2022 PH Elections - Voices

[Newspoint] What’s the mood looking like for 2022?

Vergel O. Santos

This is AI generated summarization, which may have errors. For context, always refer to the full article.

[Newspoint] What’s the mood looking like for 2022?
Our elections are decided emotionally – that is, by popular mood, rather than rationally – by an understanding of the issues

A mere two years into the presidency of Rodrigo Duterte, I published an essay here warning of “A horrific cleanup job” awaiting his successor. It provoked criticisms of which the more reasonable, and printable, were that it was premature, thus unfair, given that Duterte had four years yet remaining of his six-year term.

In any case, by then, I thought, he had made enough mess to warrant a warning being raised:

  • Duterte had begun his slavish pivot to China.
  • He also had begun to move on his critics – Leila de Lima had been arrested on concocted charges and denied bail, and began a life in solitary detention that has continued to this day; and Ma. Lourdes Sereno, the independent-minded chief justice, had been set up for a coup by the Duterte-friendly majority of her own court.
  • Duterte had given Ferdinand Marcos, the dictator on whose altar he worships, a hero’s burial.
  • Marawi, a thriving self-contained city in the south, had been turned into a wasteland by a ground and air war waged with a brutality out of all proportion to its target – a small, mixed band of drug dealers, sundry brigands, and rebels turned terrorists, supposedly.
  • And, in what Duterte may have considered the crowning glory of his first year, being his centerpiece campaign promise, his war on drugs, racked up 20,000 kills (I got the count from a yearend report from the Office of the President itself; however, in an apparent effort to protect the police – “my police,” as Duterte proprietarily refers to them – the report puts three-quarters of the responsibility – 16,000 kills – on vigilantes, as if their inspiration had come from someone else).

I confess that I had hoped Duterte might be stopped before his term ended – but let me make it quickly clear that I had meant removal by constitutional means, lest an excuse be found to tag me under an anti-terrorism law that, although unable to even define the crime it punishes, is allowed to operate before the Supreme Court can rule on its constitutionality. If I had thought that anyone at all shared my feeling of disquiet and that my warning would make an impression, soon enough I would be proved kidding myself. Early the following year, Duterte’s team would grab all 12 Senate seats contested in the midterms, thus sealing the deal for him in the traditional bastion of oversight on executive power. The lower House itself, in a spectacle of turncoatism never seen in our politics, had been co-opted almost to a man (90-plus percent) from the very start, and the Supreme Court had proved agreeable in every case Duterte was interested in. His power further consolidated, the nation’s descent into authoritarianism, with its component militarization, proceeded apace.

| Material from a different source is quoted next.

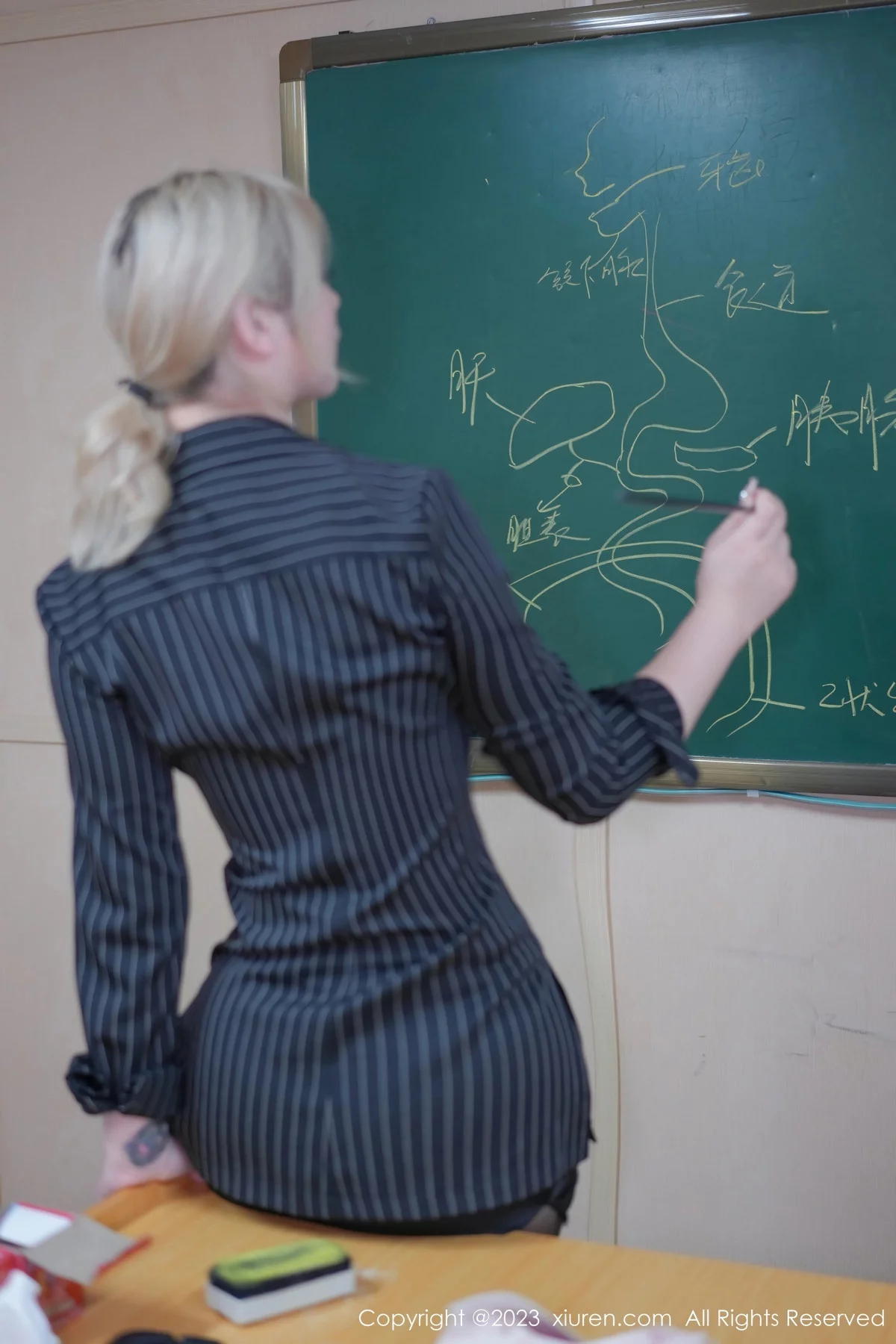 秀人集.com_[XiuRen秀人网]No.7813_女神妲己_Toxic黑色条纹上衣配黑短裙秀丰满身材撩人诱惑写真86P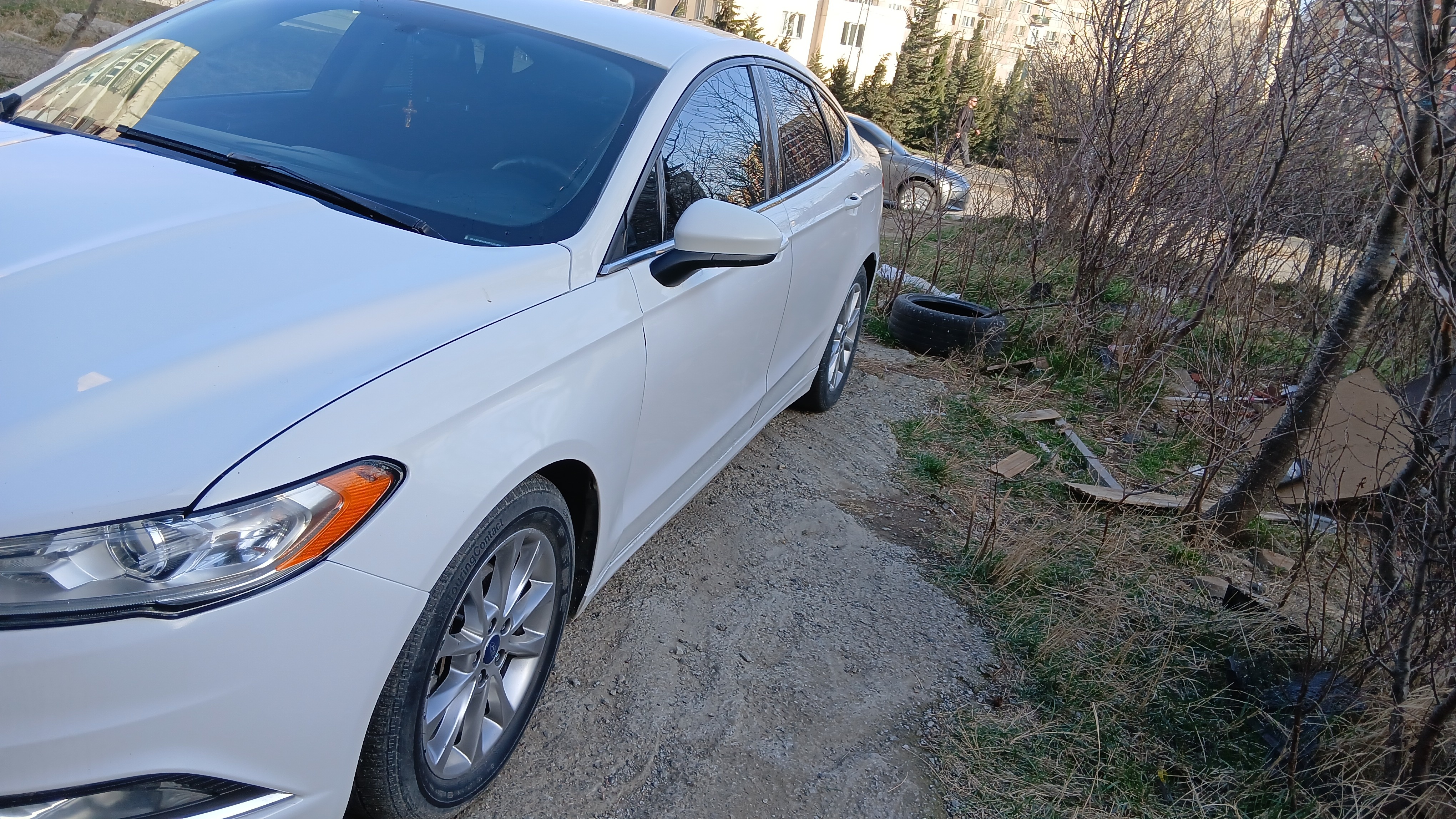 Ford Fusion - фото 4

And, most significantly economically, so did the Chinese entrenchment in the West Philippine Sea, our territorial waters Duterte had let go, in spite of all the mineral wealth that lies in their bowels. To be sure, Chinese entrenchment has not been limited offshore. The Chinese have landed in droves and been welcomed on such obsequious terms as might only be extended by a vassal state – usurious loans; contracts made lopsided not only by prohibitive straight costs but by the supply of Chinese workers, materials, and equipment even where we ourselves could provide them; gaming operations, with their criminal complements (loan sharking and prostitution); instant visas; tax breaks, if not outright write-offs of tax obligations. If, to some of us, China is the elephant in the room, it would appear only one of a herd, or not appear at all, to others.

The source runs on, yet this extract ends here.